◆ **Provided data**:
§
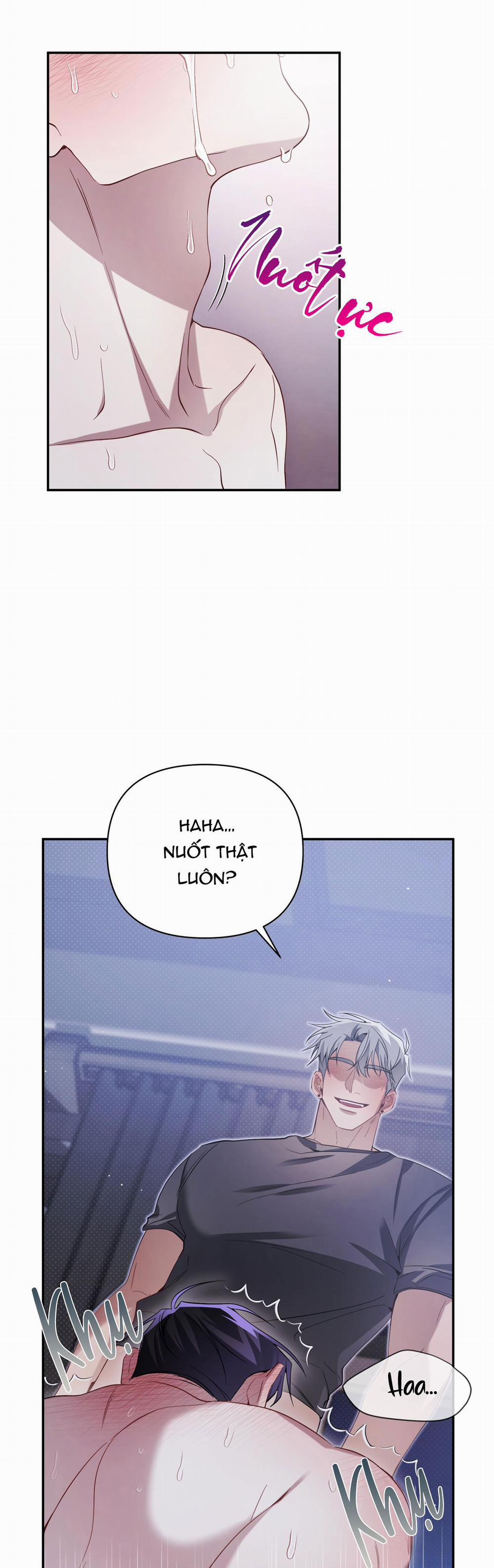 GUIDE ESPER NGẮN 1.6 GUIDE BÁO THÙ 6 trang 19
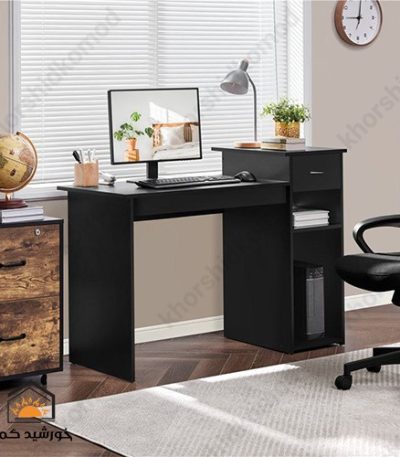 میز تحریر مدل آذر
§
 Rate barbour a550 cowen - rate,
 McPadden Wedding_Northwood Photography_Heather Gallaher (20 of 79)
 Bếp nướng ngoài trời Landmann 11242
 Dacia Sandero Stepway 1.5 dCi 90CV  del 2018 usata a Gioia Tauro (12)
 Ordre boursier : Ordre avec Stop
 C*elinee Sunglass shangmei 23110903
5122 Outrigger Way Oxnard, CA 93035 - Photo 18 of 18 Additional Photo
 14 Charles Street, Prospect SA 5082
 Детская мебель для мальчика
§
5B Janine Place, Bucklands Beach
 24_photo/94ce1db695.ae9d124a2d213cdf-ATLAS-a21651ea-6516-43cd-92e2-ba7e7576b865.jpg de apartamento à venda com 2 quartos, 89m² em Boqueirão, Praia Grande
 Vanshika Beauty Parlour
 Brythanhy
§
With the pictures omitted, print the lines above exactly, beginning at the line with "GUIDE ESPER NGẮN" and going on through the line with "میز تحریر مدل آذر".

◆ **Solved problem**:
 GUIDE ESPER NGẮN 1.6 GUIDE BÁO THÙ 6 trang 19
 میز تحریر مدل آذر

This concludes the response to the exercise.